Product documentation readiness is more critical for scaling Agentic AI than model sophistication. Technical writers must ensure knowledge is organized, governed, and accessible for AI workflows. The easiest way to achieve this is by building a unified repository of content optimized for AI that serves as the referential authority on product knowledge.
Step 3: Control ownership while making content MCP-ready
Creating this repository to unify content across sources may sound simple, but teams should refrain from building their own platform. What looks like a fun project can rapidly turn into a rabbit-hole nightmare and a liability. Would you develop your own CRM or ERP? No. So why would you build a knowledge management platform? Gone is the time of pilots and home-grown developments for experimenting with trendy, but ultimately irrelevant, approaches.
Successful Agentic AI requires enterprise-grade products that combine validated and up-to-date technology (which is changing at an unprecedented pace), test and validation methodologies, and processes for execution and monitoring.

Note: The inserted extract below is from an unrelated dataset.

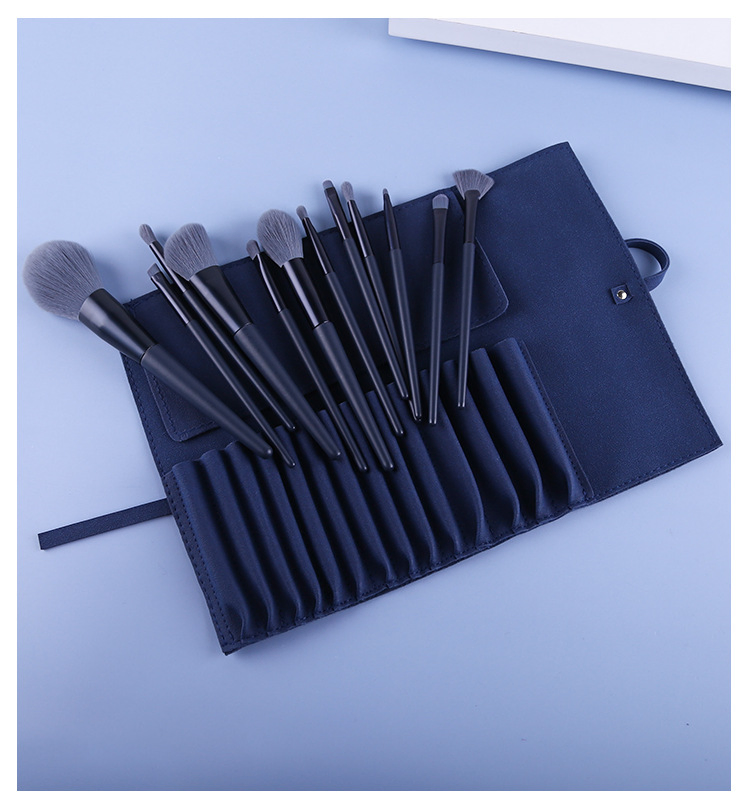 12PCS Professional Make up Brushes Eyeshadow Eyelash Powder Maquillaje Cosmetic Beauty Makeup Brush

IT and agentic developers don’t need full access to your content. They just need to use it. Instead of dumping your content somewhere or giving it away for IT to manage, you need a solution that allows any team to connect to your documentation for AI workflows via MCP. Invest in a dedicated knowledge solution that seamlessly integrates with your existing content sources, that offers access rights management, content governance, and content quality control, and that is MCP-enabled. The key is to own your technical documentation.
Takeaways
As Agentic AI expands, technical documentation teams must change their perspectives on why and how to write content. This shift is inevitable and has already started for early adopters. Each team will need to consider which new AI use cases their company wants to implement. Based on this, they can determine which information the systems will need and update their content for AI understanding accordingly.
On the infrastructure side, teams shouldn’t waste time trying to build their own unified repository solution. Instead, they should buy a ready-to-use, domain-specific solution that is MCP-capable. For an authoritative source of product knowledge, gateway solutions like Product Knowledge Platforms offer the AI-native capabilities that your team needs to start designing agentic workflows.